Following are my configuration files.
celery.py
from __future__ import absolute_import, unicode_literals
import os
from celery import Celery
from django.conf import settings
# Set the default Django settings module for the 'celery' program.
os.environ.setdefault('DJANGO_SETTINGS_MODULE', 'demo_django.settings')
app = Celery('app_django', broker=settings.CELERY_BROKER_URL)
# Use Django settings for Celery
app.config_from_object('django.conf:settings', namespace='CELERY')
# Auto-discover tasks from installed apps
app.autodiscover_tasks(lambda: settings.INSTALLED_APPS)
settings.py
# Celery settings
CELERY_BROKER_URL = os.getenv('REDIS_URL')
CELERY_RESULT_BACKEND = os.getenv('REDIS_URL')
CELERY_ACCEPT_CONTENT = ['application/json']
CELERY_TASK_SERIALIZER = 'json'
CELERY_RESULT_SERIALIZER = 'json'
.ebextensions/01_celery_config
files:
"/etc/tmpfiles.d/celery.conf":
mode: "000777"
content: |
d /run/celery 0755 celery celery -
d /var/log/celery 0755 celery celery -
"/etc/conf.d/celery":
mode: "000777"
content: |
# Name of nodes to start
# here we have a single node
CELERYD_NODES="w1"
# or we could have three nodes:
#CELERYD_NODES="w1 w2 w3"
# Absolute or relative path to the 'celery' command:
CELERY_BIN="/var/app/venv/staging-LQM1lest/bin/celery"
#CELERY_BIN="/virtualenvs/def/bin/celery"
# App instance to use
# comment out this line if you don't use an app
CELERY_APP="demo_django"
# or fully qualified:
#CELERY_APP="proj.tasks:app"
# How to call manage.py
CELERYD_MULTI="multi"
# Extra command-line arguments to the worker
CELERYD_OPTS="--time-limit=300 --autoscale=8,3"
# - %n will be replaced with the first part of the nodename.
# - %I will be replaced with the current child process index
# and is important when using the prefork pool to avoid race conditions.
CELERYD_PID_FILE="/var/run/celery/%n.pid"
CELERYD_LOG_FILE="/var/log/celery/%n%I.log"
CELERYD_LOG_LEVEL="INFO"
# you may wish to add these options for Celery Beat
CELERYBEAT_PID_FILE="/var/run/celery/beat.pid"
CELERYBEAT_LOG_FILE="/var/log/celery/beat.log"
# Desperate Attempt to make it work even tried hardcoding
export DJANGO_SETTINGS_MODULE="demo_django.settings"
export CELERY_BROKER_URL=redis://127.0.0.1:6379
export BROKER_URL=redis://127.0.0.1:6379
export $(/opt/elasticbeanstalk/bin/get-config --output YAML environment | sed -r 's/: /=/' | xargs)
"/etc/systemd/system/celery.service":
mode: "000777"
content: |
[Unit]
Description=Celery Service
After=network.target
[Service]
Type=forking
User=celery
Group=celery
EnvironmentFile=/etc/conf.d/celery
WorkingDirectory=/var/app/current
ExecStart=/bin/sh -c '${CELERY_BIN} -A $CELERY_APP multi start $CELERYD_NODES \
--pidfile=${CELERYD_PID_FILE} --logfile=${CELERYD_LOG_FILE} \
--loglevel="${CELERYD_LOG_LEVEL}" $CELERYD_OPTS'
ExecStop=/bin/sh -c '${CELERY_BIN} multi stopwait $CELERYD_NODES \
--pidfile=${CELERYD_PID_FILE} --logfile=${CELERYD_LOG_FILE} \
--loglevel="${CELERYD_LOG_LEVEL}"'
ExecReload=/bin/sh -c '${CELERY_BIN} -A $CELERY_APP multi restart $CELERYD_NODES \
--pidfile=${CELERYD_PID_FILE} --logfile=${CELERYD_LOG_FILE} \
--loglevel="${CELERYD_LOG_LEVEL}" $CELERYD_OPTS'
Restart=always
[Install]
WantedBy=multi-user.target
No matter what i try it always connects to rabbitmq even hardcoding is not working.

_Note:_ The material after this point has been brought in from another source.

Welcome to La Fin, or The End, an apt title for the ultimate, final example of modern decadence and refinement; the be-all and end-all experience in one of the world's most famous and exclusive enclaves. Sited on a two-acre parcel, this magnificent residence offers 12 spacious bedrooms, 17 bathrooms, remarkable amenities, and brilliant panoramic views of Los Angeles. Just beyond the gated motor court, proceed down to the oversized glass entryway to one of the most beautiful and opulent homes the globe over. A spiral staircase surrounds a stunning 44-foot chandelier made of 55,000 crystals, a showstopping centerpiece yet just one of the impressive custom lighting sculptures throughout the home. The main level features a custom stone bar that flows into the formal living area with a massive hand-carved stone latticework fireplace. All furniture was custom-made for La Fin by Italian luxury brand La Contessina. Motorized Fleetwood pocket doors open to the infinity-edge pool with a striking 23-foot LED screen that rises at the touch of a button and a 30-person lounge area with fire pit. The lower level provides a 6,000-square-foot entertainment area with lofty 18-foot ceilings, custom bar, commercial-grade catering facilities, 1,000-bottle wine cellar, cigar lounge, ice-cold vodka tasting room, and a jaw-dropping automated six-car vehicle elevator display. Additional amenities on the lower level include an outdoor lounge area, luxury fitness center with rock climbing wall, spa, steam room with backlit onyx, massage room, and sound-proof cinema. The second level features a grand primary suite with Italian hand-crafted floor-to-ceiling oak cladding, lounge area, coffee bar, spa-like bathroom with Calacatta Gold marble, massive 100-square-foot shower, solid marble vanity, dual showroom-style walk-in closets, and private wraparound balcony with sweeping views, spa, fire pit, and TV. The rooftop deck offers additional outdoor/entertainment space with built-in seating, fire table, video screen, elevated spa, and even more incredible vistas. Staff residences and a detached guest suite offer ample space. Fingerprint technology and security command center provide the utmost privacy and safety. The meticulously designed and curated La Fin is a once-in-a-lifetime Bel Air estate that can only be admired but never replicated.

I do not understand what i am missing.
It completely ignores the configuration and tries to connect to rabbitmq.
So I manage to make it work. So the fundamental problem was the celery was not using environment variables which I defined in Elastic beanstalk console which was being used in Django's settings.py. When EB deployed the application it makes the env variables available for the Application. But they were not available on any shell or for any service in this case celery.service
I set the env variables in the Enviromentfile
of celery.service
so that when the command runs to start/stop/restart celery it will have access to env variables and connect to the right broker. I have modified my /etc/conf.d/celery
where i am defining the command to pull env variables dynamically. /etc/systemd/system/celery.service
where the service is executing the Env command before the celery command.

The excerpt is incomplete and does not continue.